A morte de Jesus em Lucas:
“Em Lucas [Lucas 23:26-49], como em Marcos, Jesus é traído por Judas, negado por Pedro, rejeitado pelos líderes judeus e condenado por Pôncio Pilatos, mas não é escarnecido e agredido pelos soldados romanos. […] Em Lucas, Jesus é levado para ser executado, e Simão Cirineu é obrigado a carregar sua cruz. Mas Jesus não fica em silêncio enquanto segue para sua crucificação. No caminho, ele vê mulheres chorando pelo que acontece a ele, vira-se para elas e diz: 'Filhas de Jerusalém, não choreis por mim, chorai antes por vós mesmas e por vossos filhos!' (Lucas 23:28) […] Jesus não parece abismado com o que lhe acontece. Está mais preocupado com aqueles ao seu redor do que com seu próprio destino.
Além disso, ele não fica em silêncio enquanto é pregado à cruz, como em Marcos. Em vez disso, ele faz uma prece: 'Pai, perdoa-lhes: não sabem o que fazem' (Lucas 23:34). Jesus parece ter uma ligação direta com Deus, e está mais preocupado com as pessoas que estão fazendo aquilo com ele do que consigo mesmo. […] Jesus não está, de modo algum, confuso com o que ou por que isso acontece a ele. Está completamente calmo e no controle da situação; […]

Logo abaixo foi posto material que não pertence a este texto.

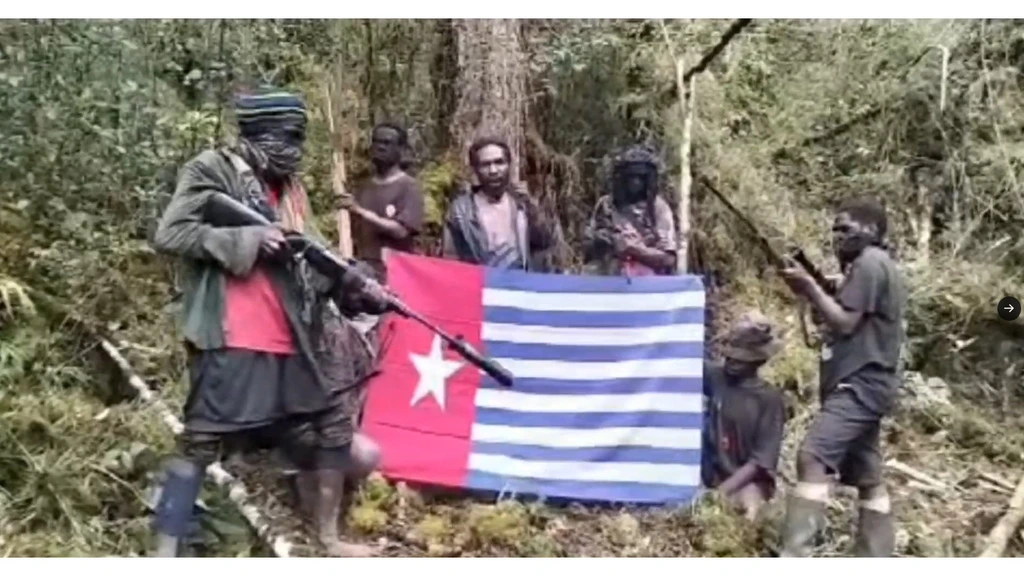 Amerikaanse piloot doodgeschoten door rebellen in Papoea, Indonesië bergt lichaam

A escuridão toma a Terra, e a cortina do Templo é rasgada enquanto Jesus ainda está vivo, em contraste com Marcos. Aqui a cortina rasgada não indica que a morte de Jesus traz a salvação – já que ele ainda não morreu. Em vez disso, mostra que sua morte é 'a hora das trevas', como diz antes no Evangelho (22:53), e simboliza o julgamento do povo judeu por Deus. [...]
Mais importante que tudo: em vez de ao fim dar um grito, exprimindo sua sensação de absoluto abandono ('Por que me abandonaste?'), em Lucas, Jesus reza a Deus em voz alta, dizendo: 'Pai, em tuas mãos entrego meu espírito'. Então dá o último suspiro e morre (23:46). […]
Qual teria sido o objetivo de Lucas ao modificar o relato de Marcos, de modo que Jesus não morresse mais em agonia e desespero. […]
Lucas estaria mostrando aos cristãos um modelo para seu sofrimento – como Jesus, o mártir perfeito que segue para a morte confiante em sua própria inocência, seguro da presença palpável de Deus em sua vida, calmo e no controle da situação, sabendo que o sofrimento é necessário para ter a recompensa do Paraíso e que tudo logo estará terminado, dando lugar a uma existência abençoada na vida a seguir. “
Conclusão:
Essa leitura “horizontal” dos Evangelhos, ao invés da leitura contínua ("vertical"), com a comparação das narrativas dos diversos evangelistas para um mesmo episódio, permite uma compreensão melhor da mensagem de cada um dos autores.
“O problema é quando os leitores tomam esses dois relatos e os combinam em uma narrativa abrangente, na qual Jesus diz, faz e experimenta tudo o que é dito nos dois Evangelhos. Quando isso é feito, as mensagens de Marcos e Lucas se perdem completamente e são abafadas.Jesus já não está mais em profunda agonia, como em Marcos (posto que ele é confiante, como em Lucas), e já não está calmo e no controle, como em Lucas (uma vez que ele está desesperado, como em Marcos). […]
Quando, então, os leitores acrescentam Mateus e João à mistura conseguem um retrato de Jesus ainda mais confuso e combinado, imaginando equivocadamente terem reconstruído os acontecimentos como eles realmente se deram. Lidar dessa forma com as histórias é roubar de cada autor sua própria integridade e privá-lo do significado que ele transmite em sua história.”
Enfim: um estudo comparativo (“horizontal”) de textos que narram os mesmos episódios, pode ser mais frutífero que uma simples leitura contínua (“vertical”) da Bíblia.